The tort of negligence occurs when someone breaches a duty of care they owe to someone else. If the breach of this duty results in physical, mental, and/or financial loss to the individual to whom the duty is owed, a claim for negligence may follow. It has been recognised that in sport a duty of care is owed between the participants on the field of play, between the match official and participants, between coaches and participants, and between governing bodies and participants.

The relationship between a sporting governing body and its participants is the least explored of these areas. Whilst reported case law have accepted that it is fair, just and reasonable to impose a duty of care on governing bodies in respect of safety, the scope and definition of such a duty has not been fully established. This will provide the biggest hurdle for the class action being considered by the former rugby union players and their legal team.

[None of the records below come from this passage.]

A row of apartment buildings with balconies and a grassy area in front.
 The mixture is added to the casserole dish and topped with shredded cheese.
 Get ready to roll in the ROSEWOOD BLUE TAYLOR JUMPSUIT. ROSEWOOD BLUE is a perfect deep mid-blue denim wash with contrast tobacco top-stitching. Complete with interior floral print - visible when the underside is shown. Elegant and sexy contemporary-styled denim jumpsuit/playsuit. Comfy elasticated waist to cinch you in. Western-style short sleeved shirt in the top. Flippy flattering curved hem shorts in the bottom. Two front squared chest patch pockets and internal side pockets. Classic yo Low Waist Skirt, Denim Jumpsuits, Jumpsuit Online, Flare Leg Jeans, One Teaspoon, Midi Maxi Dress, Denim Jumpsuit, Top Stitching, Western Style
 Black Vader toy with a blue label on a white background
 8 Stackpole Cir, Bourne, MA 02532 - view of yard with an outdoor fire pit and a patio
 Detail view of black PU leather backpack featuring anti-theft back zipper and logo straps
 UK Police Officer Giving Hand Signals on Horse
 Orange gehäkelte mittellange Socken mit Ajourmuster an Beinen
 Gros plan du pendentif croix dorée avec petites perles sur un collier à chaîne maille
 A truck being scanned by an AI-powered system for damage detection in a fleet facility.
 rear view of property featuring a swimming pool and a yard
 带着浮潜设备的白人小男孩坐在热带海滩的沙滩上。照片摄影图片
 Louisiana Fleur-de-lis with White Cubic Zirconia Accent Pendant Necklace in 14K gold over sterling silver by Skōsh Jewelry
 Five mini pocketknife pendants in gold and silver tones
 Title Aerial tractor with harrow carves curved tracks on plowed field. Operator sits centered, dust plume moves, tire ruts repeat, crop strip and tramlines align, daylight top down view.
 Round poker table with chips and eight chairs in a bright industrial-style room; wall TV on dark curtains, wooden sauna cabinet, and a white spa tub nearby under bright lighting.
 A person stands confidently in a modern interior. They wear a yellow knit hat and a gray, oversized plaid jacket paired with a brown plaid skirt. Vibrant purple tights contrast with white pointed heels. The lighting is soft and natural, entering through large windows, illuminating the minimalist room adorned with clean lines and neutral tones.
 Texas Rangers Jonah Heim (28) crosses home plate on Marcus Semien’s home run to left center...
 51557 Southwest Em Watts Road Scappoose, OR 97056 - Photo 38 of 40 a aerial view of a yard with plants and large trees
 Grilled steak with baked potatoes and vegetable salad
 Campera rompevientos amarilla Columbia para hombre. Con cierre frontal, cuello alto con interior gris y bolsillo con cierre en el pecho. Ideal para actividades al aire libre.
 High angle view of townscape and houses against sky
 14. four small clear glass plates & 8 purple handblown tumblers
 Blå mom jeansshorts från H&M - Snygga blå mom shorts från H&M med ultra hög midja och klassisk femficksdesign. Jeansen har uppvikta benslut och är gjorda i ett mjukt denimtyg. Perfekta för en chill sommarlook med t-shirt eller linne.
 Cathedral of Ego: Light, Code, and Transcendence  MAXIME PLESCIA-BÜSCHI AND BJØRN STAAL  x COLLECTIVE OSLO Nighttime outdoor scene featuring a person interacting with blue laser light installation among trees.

The leading case in terms of the duty of care owed by governing bodies in UK law is Watson v British Boxing Board of Control [2001] QB 1134, where the governing body was held to be liable for the horrific injuries suffered by Michael Watson in his boxing bout with Chris Eubank. The court ruled that when a governing body assumes a regulatory rather than advisory role they then open themselves to potential liability.  In this instance, the British Boxing Board of Control (BBBC) was responsible for promotion of safety in the sport and was held to have failed in that duty by not supplying adequate ringside medical care. In reaching its decision, the Court of Appeal came to key conclusions regarding the relationship of the BBBC and its members. The Court considered the significant degree of control that the BBBC had over all aspects of professional boxing in the UK, therefore, it was in the best position to determine the appropriate safety controls. Secondly, given that the sport is inherently dangerous, the BBBC was under a duty to minimise those risks and this extended to the provision of adequate ringside medical treatment. Thirdly, that given the BBBCs control, they had specialist knowledge of such risks and lastly, that those advising on safety issues and medical treatment should have up-to-date knowledge of current best practices including emergency treatment of serious ringside injuries such as the ones suffered by the claimant.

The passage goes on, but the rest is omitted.